» **Task prompt**:
Under this line are the records; write out word for word the part that begins at the line containing "Camisa celeste de" and ends at the line containing "ナチュラルな木目調のヘリンボ", and no more.

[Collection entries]
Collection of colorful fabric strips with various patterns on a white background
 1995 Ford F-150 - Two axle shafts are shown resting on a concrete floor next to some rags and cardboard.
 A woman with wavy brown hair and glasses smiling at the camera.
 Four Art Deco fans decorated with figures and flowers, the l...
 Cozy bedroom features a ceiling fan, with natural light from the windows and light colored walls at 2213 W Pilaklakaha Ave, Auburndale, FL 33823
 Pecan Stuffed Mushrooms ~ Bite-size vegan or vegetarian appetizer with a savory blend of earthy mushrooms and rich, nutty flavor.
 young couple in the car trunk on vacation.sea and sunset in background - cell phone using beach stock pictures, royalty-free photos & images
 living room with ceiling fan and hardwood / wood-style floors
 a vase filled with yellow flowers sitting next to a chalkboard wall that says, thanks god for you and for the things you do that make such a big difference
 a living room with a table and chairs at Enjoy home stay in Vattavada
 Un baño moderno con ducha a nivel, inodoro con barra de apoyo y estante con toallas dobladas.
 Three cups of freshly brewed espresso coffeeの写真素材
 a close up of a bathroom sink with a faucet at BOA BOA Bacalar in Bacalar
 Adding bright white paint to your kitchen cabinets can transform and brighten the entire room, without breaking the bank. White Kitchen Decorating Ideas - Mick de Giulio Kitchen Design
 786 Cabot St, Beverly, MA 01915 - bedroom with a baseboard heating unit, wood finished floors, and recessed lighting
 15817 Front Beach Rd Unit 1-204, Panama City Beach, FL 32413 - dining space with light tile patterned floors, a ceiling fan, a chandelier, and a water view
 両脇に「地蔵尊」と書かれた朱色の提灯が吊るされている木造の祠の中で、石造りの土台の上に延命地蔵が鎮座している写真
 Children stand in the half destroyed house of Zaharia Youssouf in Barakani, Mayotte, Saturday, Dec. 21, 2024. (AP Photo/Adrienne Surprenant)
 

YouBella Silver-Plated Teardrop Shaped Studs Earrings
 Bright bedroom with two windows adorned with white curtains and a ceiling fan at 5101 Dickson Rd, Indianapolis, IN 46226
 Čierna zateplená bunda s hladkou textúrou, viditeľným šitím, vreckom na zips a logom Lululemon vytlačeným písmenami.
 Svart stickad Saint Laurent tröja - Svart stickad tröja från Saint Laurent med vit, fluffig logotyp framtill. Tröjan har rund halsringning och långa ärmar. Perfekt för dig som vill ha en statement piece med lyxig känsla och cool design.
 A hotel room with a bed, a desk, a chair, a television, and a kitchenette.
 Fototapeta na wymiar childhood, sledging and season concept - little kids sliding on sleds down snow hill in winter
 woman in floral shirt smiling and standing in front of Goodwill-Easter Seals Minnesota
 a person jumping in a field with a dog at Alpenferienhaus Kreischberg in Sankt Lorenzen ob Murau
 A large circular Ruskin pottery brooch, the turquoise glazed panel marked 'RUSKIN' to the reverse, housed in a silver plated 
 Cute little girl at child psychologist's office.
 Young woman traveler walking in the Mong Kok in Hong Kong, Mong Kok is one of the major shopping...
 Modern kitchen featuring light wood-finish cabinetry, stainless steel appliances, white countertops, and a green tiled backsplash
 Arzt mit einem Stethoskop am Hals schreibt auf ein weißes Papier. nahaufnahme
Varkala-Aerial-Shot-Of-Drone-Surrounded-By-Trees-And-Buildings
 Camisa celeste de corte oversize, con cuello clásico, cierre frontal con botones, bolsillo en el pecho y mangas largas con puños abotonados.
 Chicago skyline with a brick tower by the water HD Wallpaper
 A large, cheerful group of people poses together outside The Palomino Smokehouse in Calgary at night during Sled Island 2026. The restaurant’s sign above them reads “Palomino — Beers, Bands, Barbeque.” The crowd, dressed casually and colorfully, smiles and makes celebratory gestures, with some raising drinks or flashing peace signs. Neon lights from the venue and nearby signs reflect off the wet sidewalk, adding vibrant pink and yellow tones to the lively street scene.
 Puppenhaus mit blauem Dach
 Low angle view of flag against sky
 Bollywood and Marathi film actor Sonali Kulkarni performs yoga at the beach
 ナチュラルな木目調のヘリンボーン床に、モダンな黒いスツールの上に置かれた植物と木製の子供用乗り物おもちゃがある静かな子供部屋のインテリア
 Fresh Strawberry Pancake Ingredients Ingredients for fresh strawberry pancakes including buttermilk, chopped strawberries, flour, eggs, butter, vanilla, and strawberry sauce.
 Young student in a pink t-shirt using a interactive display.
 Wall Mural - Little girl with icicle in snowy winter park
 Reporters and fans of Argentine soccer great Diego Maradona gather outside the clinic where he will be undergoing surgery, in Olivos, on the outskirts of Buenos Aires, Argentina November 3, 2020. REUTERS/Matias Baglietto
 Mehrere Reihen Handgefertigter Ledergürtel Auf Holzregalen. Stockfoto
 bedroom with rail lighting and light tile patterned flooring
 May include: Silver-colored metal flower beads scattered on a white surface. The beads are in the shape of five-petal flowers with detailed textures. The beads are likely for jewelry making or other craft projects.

» **Your response**:
 Camisa celeste de corte oversize, con cuello clásico, cierre frontal con botones, bolsillo en el pecho y mangas largas con puños abotonados.
 Chicago skyline with a brick tower by the water HD Wallpaper
 A large, cheerful group of people poses together outside The Palomino Smokehouse in Calgary at night during Sled Island 2026. The restaurant’s sign above them reads “Palomino — Beers, Bands, Barbeque.” The crowd, dressed casually and colorfully, smiles and makes celebratory gestures, with some raising drinks or flashing peace signs. Neon lights from the venue and nearby signs reflect off the wet sidewalk, adding vibrant pink and yellow tones to the lively street scene.
 Puppenhaus mit blauem Dach
 Low angle view of flag against sky
 Bollywood and Marathi film actor Sonali Kulkarni performs yoga at the beach
 ナチュラルな木目調のヘリンボーン床に、モダンな黒いスツールの上に置かれた植物と木製の子供用乗り物おもちゃがある静かな子供部屋のインテリア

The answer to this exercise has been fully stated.